» DATA FOR PROCESSING:

•••••

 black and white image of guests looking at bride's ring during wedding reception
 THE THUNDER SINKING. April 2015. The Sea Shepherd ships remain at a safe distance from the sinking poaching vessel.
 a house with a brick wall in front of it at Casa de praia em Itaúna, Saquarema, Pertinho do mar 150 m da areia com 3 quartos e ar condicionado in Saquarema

•••••

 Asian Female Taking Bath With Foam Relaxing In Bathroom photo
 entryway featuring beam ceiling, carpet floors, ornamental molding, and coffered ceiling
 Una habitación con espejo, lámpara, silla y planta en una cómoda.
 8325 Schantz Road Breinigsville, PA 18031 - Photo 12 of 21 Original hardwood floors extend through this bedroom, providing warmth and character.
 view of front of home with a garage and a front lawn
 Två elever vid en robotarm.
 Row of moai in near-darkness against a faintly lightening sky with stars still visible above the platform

•••••

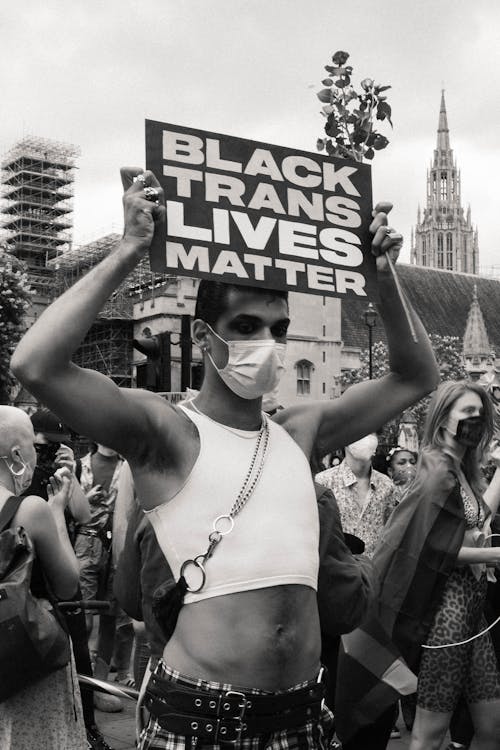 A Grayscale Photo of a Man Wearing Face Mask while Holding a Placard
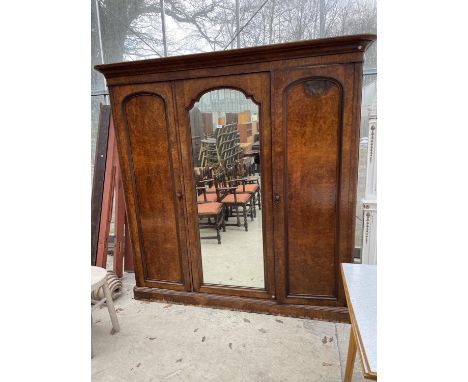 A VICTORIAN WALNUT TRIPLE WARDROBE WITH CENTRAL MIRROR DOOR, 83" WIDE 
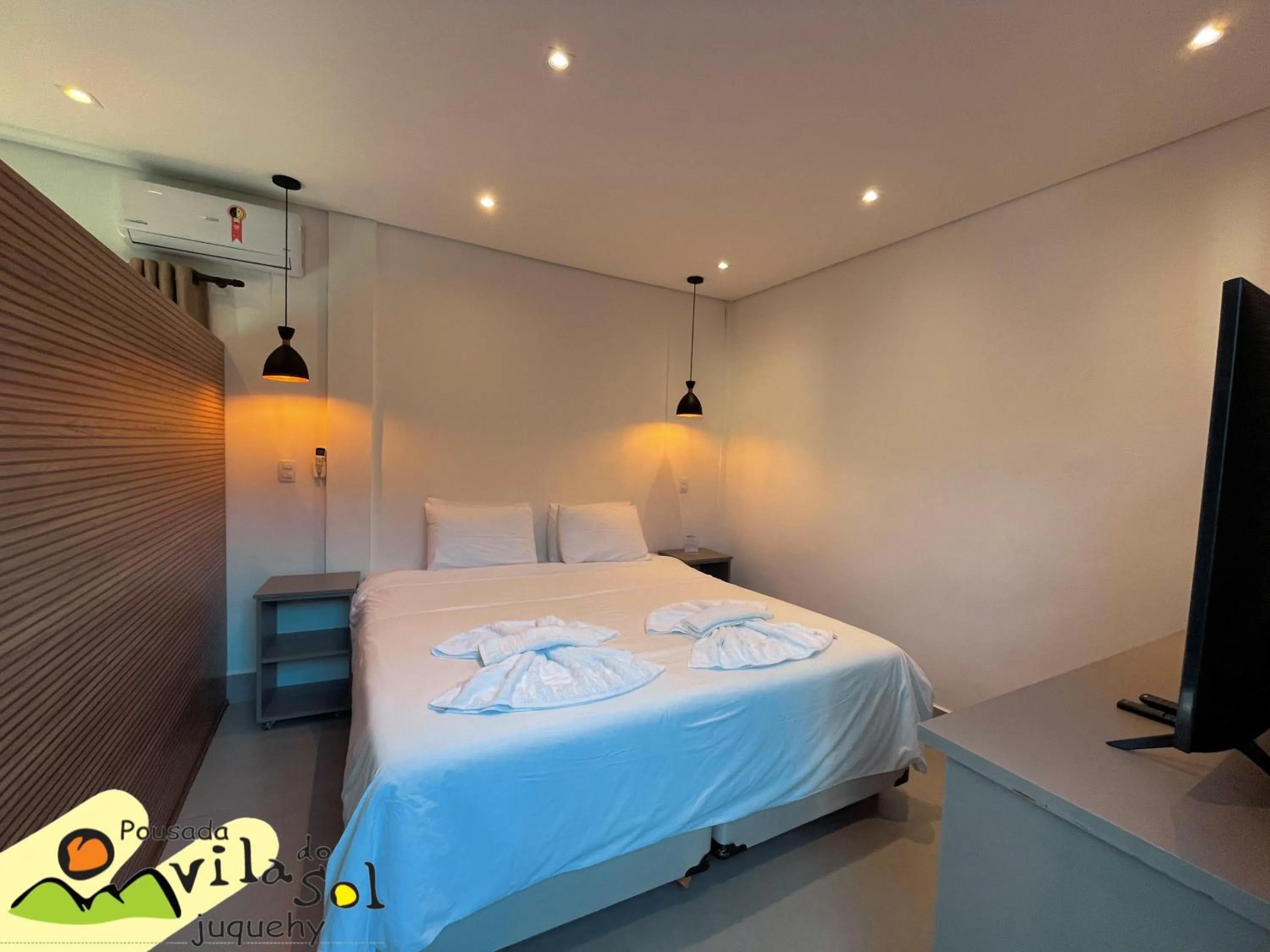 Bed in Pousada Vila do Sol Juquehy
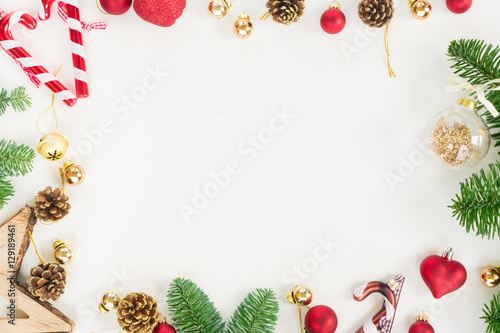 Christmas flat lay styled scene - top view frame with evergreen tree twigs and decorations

•••••

» WHAT THE TASK REQUIRES:
Among the records above, only the lines between the line holding "black and white" and the line holding "a house with", inclusive, are to be output, exactly as written.

» YOUR SOLUTION:
 black and white image of guests looking at bride's ring during wedding reception
 THE THUNDER SINKING. April 2015. The Sea Shepherd ships remain at a safe distance from the sinking poaching vessel.
 a house with a brick wall in front of it at Casa de praia em Itaúna, Saquarema, Pertinho do mar 150 m da areia com 3 quartos e ar condicionado in Saquarema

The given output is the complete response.